Working data —
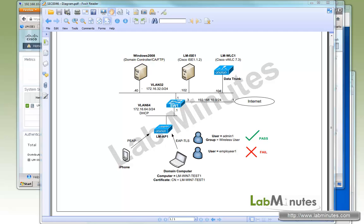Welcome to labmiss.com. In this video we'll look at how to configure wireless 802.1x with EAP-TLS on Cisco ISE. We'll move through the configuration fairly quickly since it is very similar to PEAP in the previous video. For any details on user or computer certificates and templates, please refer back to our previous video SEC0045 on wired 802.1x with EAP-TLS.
* * *
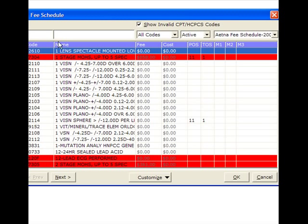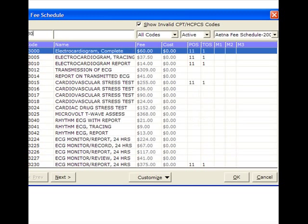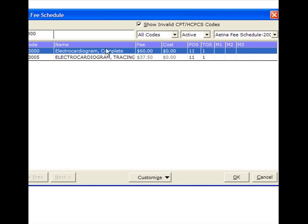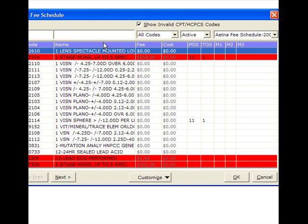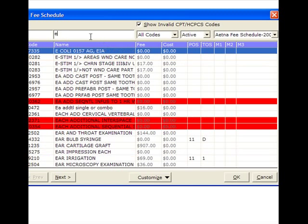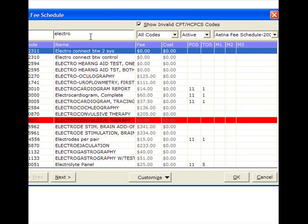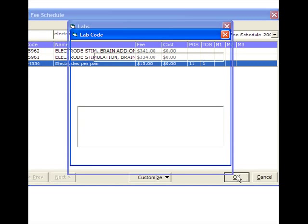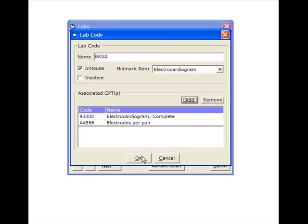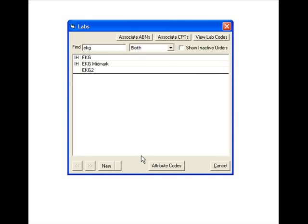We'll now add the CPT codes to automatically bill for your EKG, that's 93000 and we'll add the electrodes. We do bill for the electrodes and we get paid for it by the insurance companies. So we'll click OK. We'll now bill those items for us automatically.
* * *
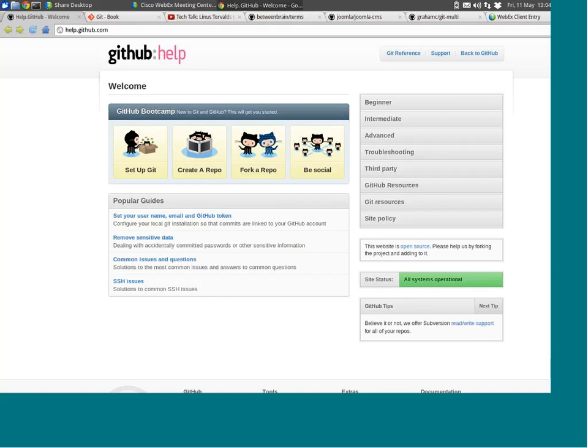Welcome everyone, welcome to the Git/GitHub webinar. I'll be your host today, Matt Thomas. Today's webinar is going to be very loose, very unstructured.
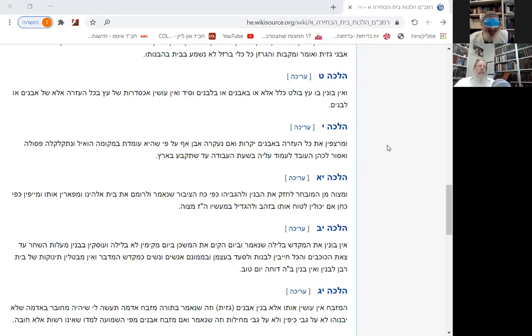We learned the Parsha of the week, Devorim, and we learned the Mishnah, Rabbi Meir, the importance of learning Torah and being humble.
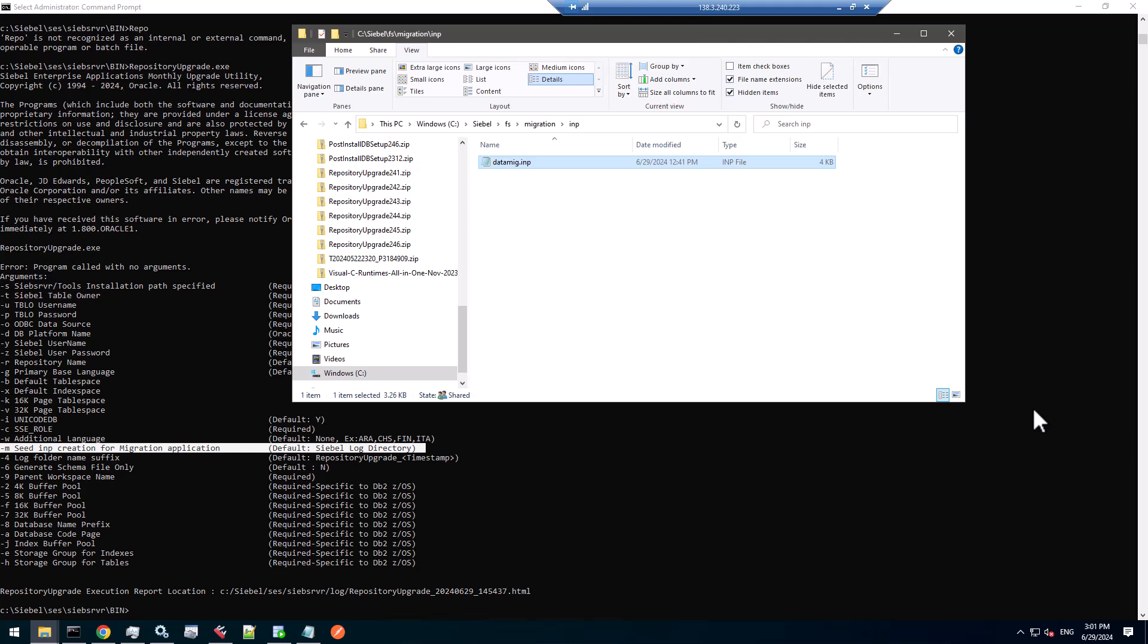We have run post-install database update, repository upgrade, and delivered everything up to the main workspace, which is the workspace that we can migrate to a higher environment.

Description of the task — What you write must match the listing exactly, from the line with "We learned the Parsha" up to and including the line with "We have run". Pictures stay out.

Answer space —
We learned the Parsha of the week, Devorim, and we learned the Mishnah, Rabbi Meir, the importance of learning Torah and being humble.
We have run post-install database update, repository upgrade, and delivered everything up to the main workspace, which is the workspace that we can migrate to a higher environment.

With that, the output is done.